• [EXERCISE REQUIREMENTS]:
Word for word, give every line of the listing again.

• [DATA PROVIDED]:
------------------------

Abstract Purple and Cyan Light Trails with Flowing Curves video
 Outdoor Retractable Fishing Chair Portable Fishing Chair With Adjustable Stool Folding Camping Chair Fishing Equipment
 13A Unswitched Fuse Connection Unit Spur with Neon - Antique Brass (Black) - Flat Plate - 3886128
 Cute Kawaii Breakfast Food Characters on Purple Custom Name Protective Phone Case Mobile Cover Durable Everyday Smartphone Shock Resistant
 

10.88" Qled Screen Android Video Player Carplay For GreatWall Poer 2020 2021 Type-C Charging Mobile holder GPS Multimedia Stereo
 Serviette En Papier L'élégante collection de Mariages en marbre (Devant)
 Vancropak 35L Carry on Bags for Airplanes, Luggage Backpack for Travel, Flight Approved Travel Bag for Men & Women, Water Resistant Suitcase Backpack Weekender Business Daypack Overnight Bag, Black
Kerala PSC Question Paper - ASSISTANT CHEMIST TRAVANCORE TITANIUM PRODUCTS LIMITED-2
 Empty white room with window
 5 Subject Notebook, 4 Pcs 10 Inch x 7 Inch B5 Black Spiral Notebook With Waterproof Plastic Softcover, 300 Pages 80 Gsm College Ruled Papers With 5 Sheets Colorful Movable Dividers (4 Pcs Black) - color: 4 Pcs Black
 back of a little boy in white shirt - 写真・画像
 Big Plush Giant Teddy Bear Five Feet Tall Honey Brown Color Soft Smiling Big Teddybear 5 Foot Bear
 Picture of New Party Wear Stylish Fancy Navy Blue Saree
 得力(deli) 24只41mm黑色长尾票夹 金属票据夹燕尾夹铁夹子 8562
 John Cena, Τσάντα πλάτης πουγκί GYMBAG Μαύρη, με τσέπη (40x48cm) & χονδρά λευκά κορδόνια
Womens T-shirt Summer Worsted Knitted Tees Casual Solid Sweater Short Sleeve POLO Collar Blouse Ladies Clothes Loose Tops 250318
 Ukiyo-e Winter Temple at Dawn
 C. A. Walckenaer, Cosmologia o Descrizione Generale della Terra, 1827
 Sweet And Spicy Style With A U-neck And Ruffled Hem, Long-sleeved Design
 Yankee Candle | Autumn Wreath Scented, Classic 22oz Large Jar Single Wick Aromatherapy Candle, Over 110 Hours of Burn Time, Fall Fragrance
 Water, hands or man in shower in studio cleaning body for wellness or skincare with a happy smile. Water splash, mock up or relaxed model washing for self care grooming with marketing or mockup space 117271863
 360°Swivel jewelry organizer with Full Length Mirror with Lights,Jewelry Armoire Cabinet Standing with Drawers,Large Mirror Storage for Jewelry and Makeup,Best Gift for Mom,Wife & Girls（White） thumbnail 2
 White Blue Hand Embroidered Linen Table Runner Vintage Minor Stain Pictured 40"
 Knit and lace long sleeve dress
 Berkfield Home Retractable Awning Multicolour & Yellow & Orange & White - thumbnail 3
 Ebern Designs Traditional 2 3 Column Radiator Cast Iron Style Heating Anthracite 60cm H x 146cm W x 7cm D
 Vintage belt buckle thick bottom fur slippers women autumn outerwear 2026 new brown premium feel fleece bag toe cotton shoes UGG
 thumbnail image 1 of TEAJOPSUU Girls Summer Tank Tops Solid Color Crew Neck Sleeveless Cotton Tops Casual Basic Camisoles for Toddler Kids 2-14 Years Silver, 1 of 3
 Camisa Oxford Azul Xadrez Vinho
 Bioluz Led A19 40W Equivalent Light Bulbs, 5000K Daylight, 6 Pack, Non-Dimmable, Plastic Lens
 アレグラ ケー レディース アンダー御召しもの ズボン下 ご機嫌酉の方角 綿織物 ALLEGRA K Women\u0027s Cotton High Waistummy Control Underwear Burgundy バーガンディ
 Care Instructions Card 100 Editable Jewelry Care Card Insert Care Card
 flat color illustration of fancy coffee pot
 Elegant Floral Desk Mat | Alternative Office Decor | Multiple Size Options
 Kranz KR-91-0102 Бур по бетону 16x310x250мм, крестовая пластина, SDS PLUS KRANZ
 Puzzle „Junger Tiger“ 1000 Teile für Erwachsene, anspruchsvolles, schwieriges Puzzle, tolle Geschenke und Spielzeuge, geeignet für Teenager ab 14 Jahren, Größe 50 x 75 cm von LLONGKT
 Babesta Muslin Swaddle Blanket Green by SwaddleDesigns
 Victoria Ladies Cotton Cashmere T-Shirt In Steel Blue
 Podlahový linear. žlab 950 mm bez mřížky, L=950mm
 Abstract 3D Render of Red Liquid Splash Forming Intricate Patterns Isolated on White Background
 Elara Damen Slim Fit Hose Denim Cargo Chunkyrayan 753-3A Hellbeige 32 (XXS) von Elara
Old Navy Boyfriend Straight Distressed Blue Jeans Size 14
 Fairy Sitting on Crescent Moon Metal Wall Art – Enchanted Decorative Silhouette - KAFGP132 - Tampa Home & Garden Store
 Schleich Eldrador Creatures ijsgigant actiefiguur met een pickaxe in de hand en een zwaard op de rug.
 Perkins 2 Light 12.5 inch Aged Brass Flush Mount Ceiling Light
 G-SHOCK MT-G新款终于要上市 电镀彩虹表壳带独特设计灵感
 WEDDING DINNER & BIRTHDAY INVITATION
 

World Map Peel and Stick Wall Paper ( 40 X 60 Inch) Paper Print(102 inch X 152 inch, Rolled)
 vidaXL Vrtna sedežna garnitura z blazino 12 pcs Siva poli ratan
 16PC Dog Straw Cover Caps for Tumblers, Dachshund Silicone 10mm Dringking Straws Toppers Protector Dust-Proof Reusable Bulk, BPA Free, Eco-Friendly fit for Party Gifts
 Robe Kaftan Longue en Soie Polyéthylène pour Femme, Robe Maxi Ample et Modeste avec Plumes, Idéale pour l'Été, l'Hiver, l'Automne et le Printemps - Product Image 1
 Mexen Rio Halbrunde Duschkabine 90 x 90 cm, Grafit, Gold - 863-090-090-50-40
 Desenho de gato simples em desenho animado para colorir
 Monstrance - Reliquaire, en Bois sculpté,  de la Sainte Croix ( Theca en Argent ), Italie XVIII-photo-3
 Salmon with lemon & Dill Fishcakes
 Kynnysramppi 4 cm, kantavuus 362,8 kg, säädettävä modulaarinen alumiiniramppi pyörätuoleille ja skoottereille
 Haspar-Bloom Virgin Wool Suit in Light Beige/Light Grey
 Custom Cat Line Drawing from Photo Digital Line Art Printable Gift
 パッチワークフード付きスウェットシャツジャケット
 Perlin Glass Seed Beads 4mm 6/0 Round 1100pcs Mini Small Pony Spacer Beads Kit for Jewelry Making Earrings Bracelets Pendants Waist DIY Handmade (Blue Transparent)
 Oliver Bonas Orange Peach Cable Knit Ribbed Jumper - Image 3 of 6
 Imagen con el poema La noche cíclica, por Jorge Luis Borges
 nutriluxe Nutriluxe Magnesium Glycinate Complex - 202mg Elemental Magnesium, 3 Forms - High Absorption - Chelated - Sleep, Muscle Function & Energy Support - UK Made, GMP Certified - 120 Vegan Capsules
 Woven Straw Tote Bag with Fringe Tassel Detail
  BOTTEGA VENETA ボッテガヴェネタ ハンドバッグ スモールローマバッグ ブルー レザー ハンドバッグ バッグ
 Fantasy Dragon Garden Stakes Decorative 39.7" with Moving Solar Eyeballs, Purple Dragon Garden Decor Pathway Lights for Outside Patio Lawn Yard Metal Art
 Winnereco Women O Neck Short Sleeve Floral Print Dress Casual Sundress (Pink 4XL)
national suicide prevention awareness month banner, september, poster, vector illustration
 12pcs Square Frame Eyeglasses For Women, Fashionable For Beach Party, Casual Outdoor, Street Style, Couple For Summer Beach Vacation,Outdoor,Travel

------------------------

• [EXERCISE OUTPUT]:
Abstract Purple and Cyan Light Trails with Flowing Curves video
 Outdoor Retractable Fishing Chair Portable Fishing Chair With Adjustable Stool Folding Camping Chair Fishing Equipment
 13A Unswitched Fuse Connection Unit Spur with Neon - Antique Brass (Black) - Flat Plate - 3886128
 Cute Kawaii Breakfast Food Characters on Purple Custom Name Protective Phone Case Mobile Cover Durable Everyday Smartphone Shock Resistant
 

10.88" Qled Screen Android Video Player Carplay For GreatWall Poer 2020 2021 Type-C Charging Mobile holder GPS Multimedia Stereo
 Serviette En Papier L'élégante collection de Mariages en marbre (Devant)
 Vancropak 35L Carry on Bags for Airplanes, Luggage Backpack for Travel, Flight Approved Travel Bag for Men & Women, Water Resistant Suitcase Backpack Weekender Business Daypack Overnight Bag, Black
Kerala PSC Question Paper - ASSISTANT CHEMIST TRAVANCORE TITANIUM PRODUCTS LIMITED-2
 Empty white room with window
 5 Subject Notebook, 4 Pcs 10 Inch x 7 Inch B5 Black Spiral Notebook With Waterproof Plastic Softcover, 300 Pages 80 Gsm College Ruled Papers With 5 Sheets Colorful Movable Dividers (4 Pcs Black) - color: 4 Pcs Black
 back of a little boy in white shirt - 写真・画像
 Big Plush Giant Teddy Bear Five Feet Tall Honey Brown Color Soft Smiling Big Teddybear 5 Foot Bear
 Picture of New Party Wear Stylish Fancy Navy Blue Saree
 得力(deli) 24只41mm黑色长尾票夹 金属票据夹燕尾夹铁夹子 8562
 John Cena, Τσάντα πλάτης πουγκί GYMBAG Μαύρη, με τσέπη (40x48cm) & χονδρά λευκά κορδόνια
Womens T-shirt Summer Worsted Knitted Tees Casual Solid Sweater Short Sleeve POLO Collar Blouse Ladies Clothes Loose Tops 250318
 Ukiyo-e Winter Temple at Dawn
 C. A. Walckenaer, Cosmologia o Descrizione Generale della Terra, 1827
 Sweet And Spicy Style With A U-neck And Ruffled Hem, Long-sleeved Design
 Yankee Candle | Autumn Wreath Scented, Classic 22oz Large Jar Single Wick Aromatherapy Candle, Over 110 Hours of Burn Time, Fall Fragrance
 Water, hands or man in shower in studio cleaning body for wellness or skincare with a happy smile. Water splash, mock up or relaxed model washing for self care grooming with marketing or mockup space 117271863
 360°Swivel jewelry organizer with Full Length Mirror with Lights,Jewelry Armoire Cabinet Standing with Drawers,Large Mirror Storage for Jewelry and Makeup,Best Gift for Mom,Wife & Girls（White） thumbnail 2
 White Blue Hand Embroidered Linen Table Runner Vintage Minor Stain Pictured 40"
 Knit and lace long sleeve dress
 Berkfield Home Retractable Awning Multicolour & Yellow & Orange & White - thumbnail 3
 Ebern Designs Traditional 2 3 Column Radiator Cast Iron Style Heating Anthracite 60cm H x 146cm W x 7cm D
 Vintage belt buckle thick bottom fur slippers women autumn outerwear 2026 new brown premium feel fleece bag toe cotton shoes UGG
 thumbnail image 1 of TEAJOPSUU Girls Summer Tank Tops Solid Color Crew Neck Sleeveless Cotton Tops Casual Basic Camisoles for Toddler Kids 2-14 Years Silver, 1 of 3
 Camisa Oxford Azul Xadrez Vinho
 Bioluz Led A19 40W Equivalent Light Bulbs, 5000K Daylight, 6 Pack, Non-Dimmable, Plastic Lens
 アレグラ ケー レディース アンダー御召しもの ズボン下 ご機嫌酉の方角 綿織物 ALLEGRA K Women\u0027s Cotton High Waistummy Control Underwear Burgundy バーガンディ
 Care Instructions Card 100 Editable Jewelry Care Card Insert Care Card
 flat color illustration of fancy coffee pot
 Elegant Floral Desk Mat | Alternative Office Decor | Multiple Size Options
 Kranz KR-91-0102 Бур по бетону 16x310x250мм, крестовая пластина, SDS PLUS KRANZ
 Puzzle „Junger Tiger“ 1000 Teile für Erwachsene, anspruchsvolles, schwieriges Puzzle, tolle Geschenke und Spielzeuge, geeignet für Teenager ab 14 Jahren, Größe 50 x 75 cm von LLONGKT
 Babesta Muslin Swaddle Blanket Green by SwaddleDesigns
 Victoria Ladies Cotton Cashmere T-Shirt In Steel Blue
 Podlahový linear. žlab 950 mm bez mřížky, L=950mm
 Abstract 3D Render of Red Liquid Splash Forming Intricate Patterns Isolated on White Background
 Elara Damen Slim Fit Hose Denim Cargo Chunkyrayan 753-3A Hellbeige 32 (XXS) von Elara
Old Navy Boyfriend Straight Distressed Blue Jeans Size 14
 Fairy Sitting on Crescent Moon Metal Wall Art – Enchanted Decorative Silhouette - KAFGP132 - Tampa Home & Garden Store
 Schleich Eldrador Creatures ijsgigant actiefiguur met een pickaxe in de hand en een zwaard op de rug.
 Perkins 2 Light 12.5 inch Aged Brass Flush Mount Ceiling Light
 G-SHOCK MT-G新款终于要上市 电镀彩虹表壳带独特设计灵感
 WEDDING DINNER & BIRTHDAY INVITATION
 

World Map Peel and Stick Wall Paper ( 40 X 60 Inch) Paper Print(102 inch X 152 inch, Rolled)
 vidaXL Vrtna sedežna garnitura z blazino 12 pcs Siva poli ratan
 16PC Dog Straw Cover Caps for Tumblers, Dachshund Silicone 10mm Dringking Straws Toppers Protector Dust-Proof Reusable Bulk, BPA Free, Eco-Friendly fit for Party Gifts
 Robe Kaftan Longue en Soie Polyéthylène pour Femme, Robe Maxi Ample et Modeste avec Plumes, Idéale pour l'Été, l'Hiver, l'Automne et le Printemps - Product Image 1
 Mexen Rio Halbrunde Duschkabine 90 x 90 cm, Grafit, Gold - 863-090-090-50-40
 Desenho de gato simples em desenho animado para colorir
 Monstrance - Reliquaire, en Bois sculpté,  de la Sainte Croix ( Theca en Argent ), Italie XVIII-photo-3
 Salmon with lemon & Dill Fishcakes
 Kynnysramppi 4 cm, kantavuus 362,8 kg, säädettävä modulaarinen alumiiniramppi pyörätuoleille ja skoottereille
 Haspar-Bloom Virgin Wool Suit in Light Beige/Light Grey
 Custom Cat Line Drawing from Photo Digital Line Art Printable Gift
 パッチワークフード付きスウェットシャツジャケット
 Perlin Glass Seed Beads 4mm 6/0 Round 1100pcs Mini Small Pony Spacer Beads Kit for Jewelry Making Earrings Bracelets Pendants Waist DIY Handmade (Blue Transparent)
 Oliver Bonas Orange Peach Cable Knit Ribbed Jumper - Image 3 of 6
 Imagen con el poema La noche cíclica, por Jorge Luis Borges
 nutriluxe Nutriluxe Magnesium Glycinate Complex - 202mg Elemental Magnesium, 3 Forms - High Absorption - Chelated - Sleep, Muscle Function & Energy Support - UK Made, GMP Certified - 120 Vegan Capsules
 Woven Straw Tote Bag with Fringe Tassel Detail
  BOTTEGA VENETA ボッテガヴェネタ ハンドバッグ スモールローマバッグ ブルー レザー ハンドバッグ バッグ
 Fantasy Dragon Garden Stakes Decorative 39.7" with Moving Solar Eyeballs, Purple Dragon Garden Decor Pathway Lights for Outside Patio Lawn Yard Metal Art
 Winnereco Women O Neck Short Sleeve Floral Print Dress Casual Sundress (Pink 4XL)
national suicide prevention awareness month banner, september, poster, vector illustration
 12pcs Square Frame Eyeglasses For Women, Fashionable For Beach Party, Casual Outdoor, Street Style, Couple For Summer Beach Vacation,Outdoor,Travel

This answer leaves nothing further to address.